In my cucumber scenarios, if I call rake db:schema:load within a target Rails app folder, I get the cucumber process's $LOAD_PATH and not the Rails app's own Gemfile/load path. I think this is very weird.

The consequence is that I get the following error:

no such file to load -- rails/all

I can't reproduce it outside of my cucumber scenario.

ruby -rubygems -e "system 'rake -T'"

works normally -> the 'rake -T' has the application's own Gemfile-based $LOAD_PATH; and doesn't generate the error above.

Can anyone think why a child process ( rake -T or rake db:schema:load or rails runner... ; invoked by either system , exec , %x[...] or backtick; would start with the parent processes' $LOAD_PATH (from the cucumber scenario's Gemfile) instead of its own $LOAD_PATH (from the Rails app's Gemfile)?

When you use bundler, either via bundle exec or require 'bundler/setup' , it finds your Gemfile, then puts its location in ENV["BUNDLE_GEMFILE"] . However, if this is already set, then bundler just reuses the value.

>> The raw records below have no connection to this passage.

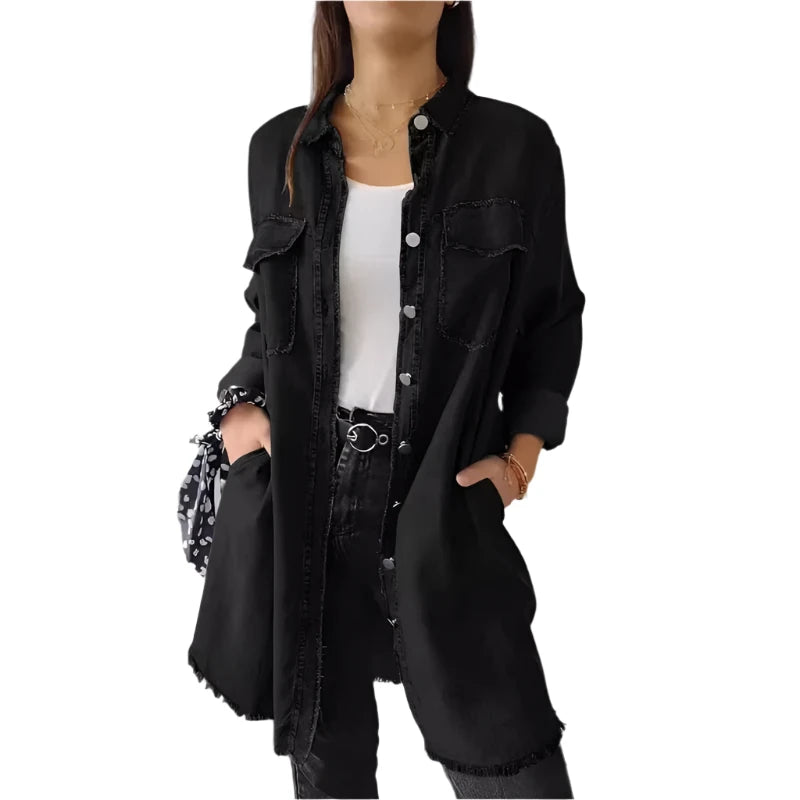 Giuliana – Langes Denim-Hemdblusenkleid für Damen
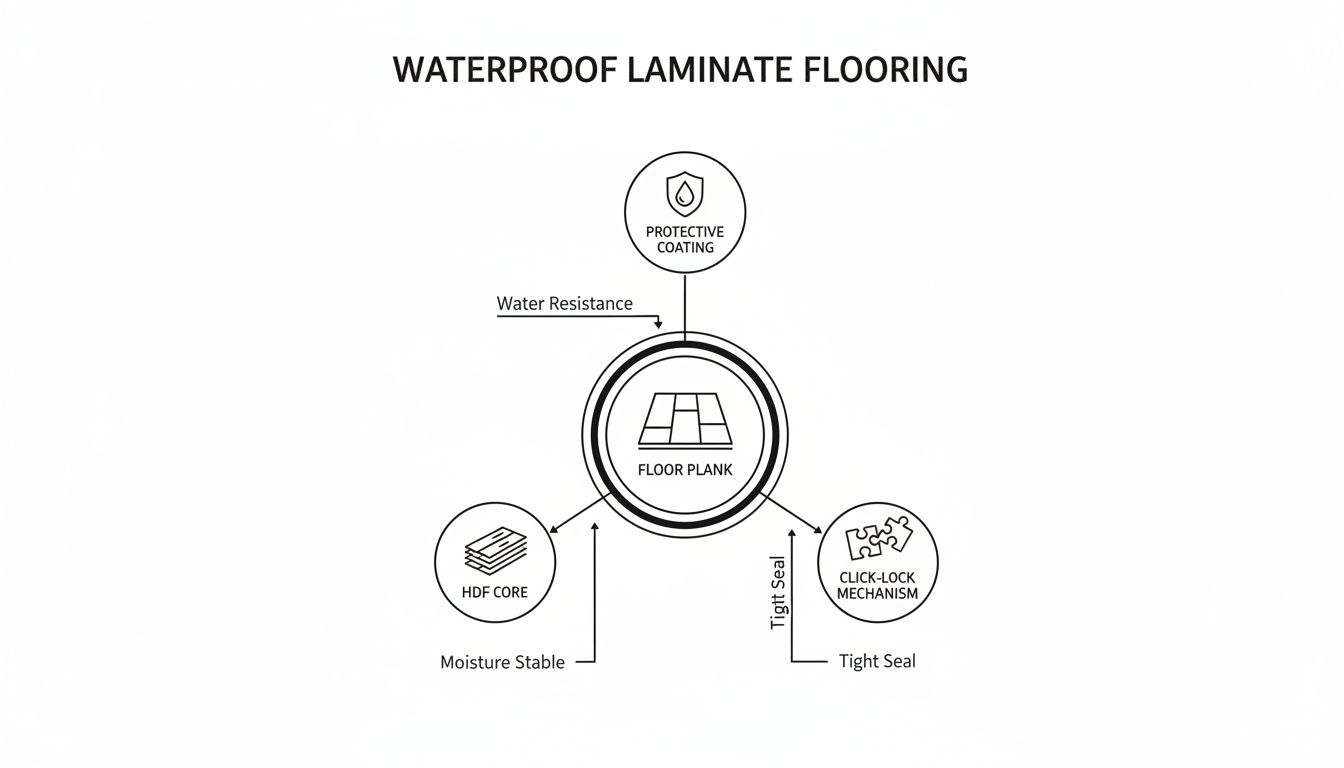 Diagram illustrating key features of waterproof laminate flooring: protective coating, HDF core, and click-lock mechanism.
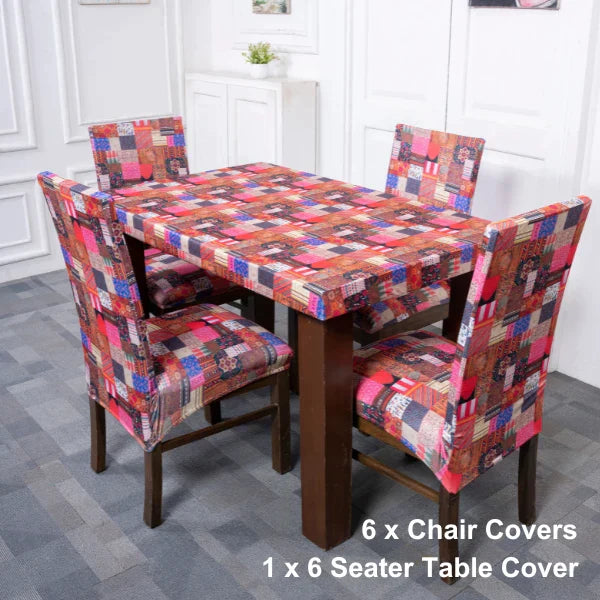 Pink City Elastic Dining Chair Table Covers Set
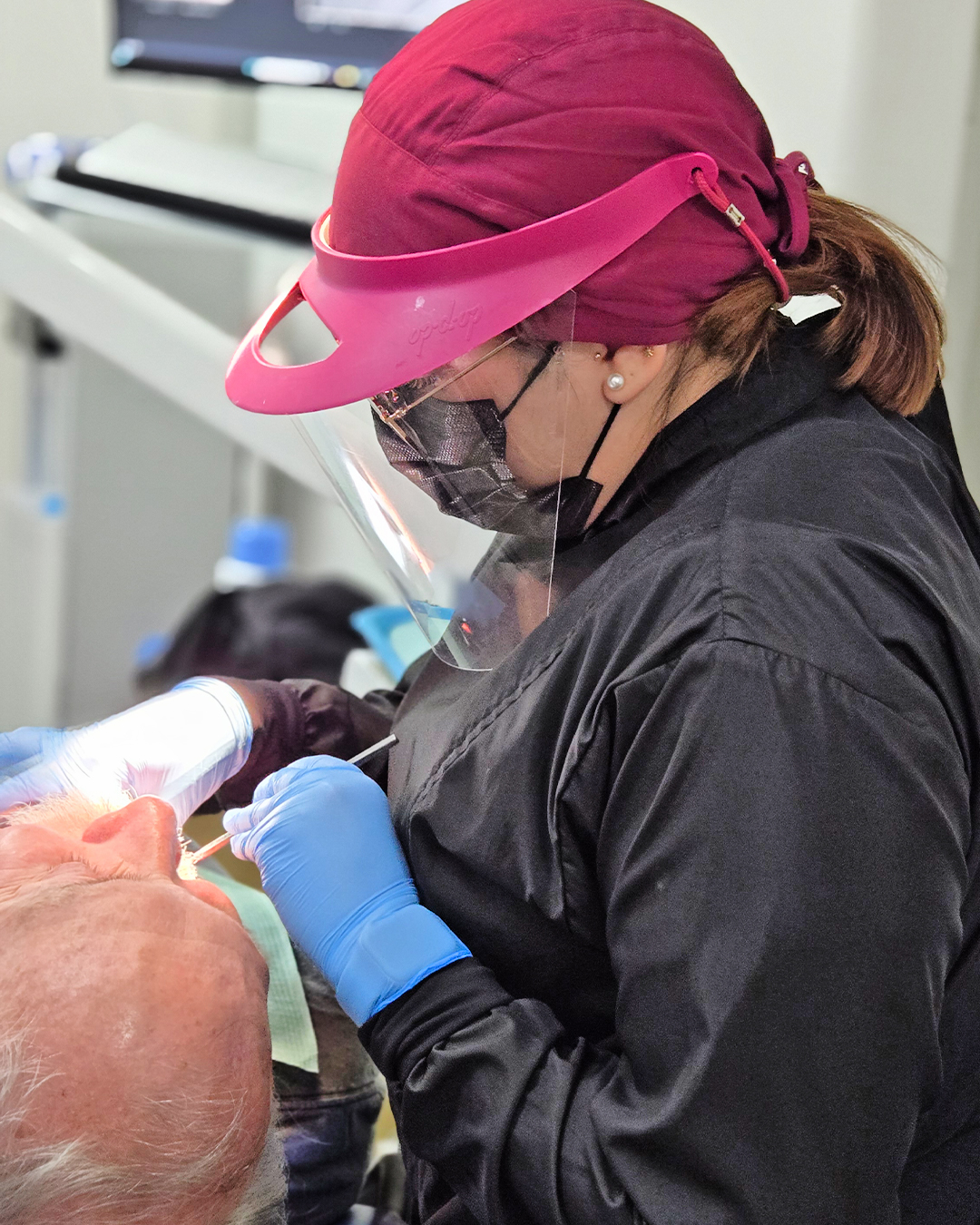 dentist working on a patient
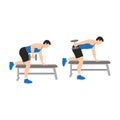 Man doing tricep kickbacks exercise. Flat vector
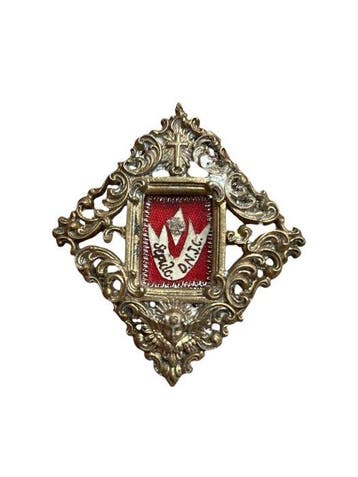 Reliekhouder - Brons, Gouden cartouche, Glas - 20e eeuw -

This is what causes your Rails app to use the cucumber process's Gemfile.

If you want to execute something in the context of a different Gemfile, clear out ENV["BUNDLE_GEMFILE"] first. Bundler provides the method Bundler.with_clean_env(&blk) that may be helpful; it executes your block with the environment how it was before Bundler was loaded. Of course, you can also clear it out by hand with something like system("env -u BUNDLE_GEMFILE rake sometask") .

The parent process's environment ( ENV ) is passed down to sub-shells. Either cucumber itself, how you are running cucumber (eg bundle exec cucumber ), your scenarios, or code the scenario loads (eg the app, and therefore bundler), is messing with your ENV . Environment variables like RUBYLIB , GEM_PATH , and BUNDLE_GEMFILE can have a significant impact on what your sub-shelled Ruby processes can load / will behave.

Try printing out your ENV variable in your scenario and comparing it to what you get when you do it with ruby -rubygems -rpp -e "pp ENV" , or just env on the command line.

For what it's worth, a possible alternative would be to load and invoke the rake task directly, eg, Rake::Task['db:schema:load'].invoke , without using a sub-shell. Depends on what you're trying to do, though.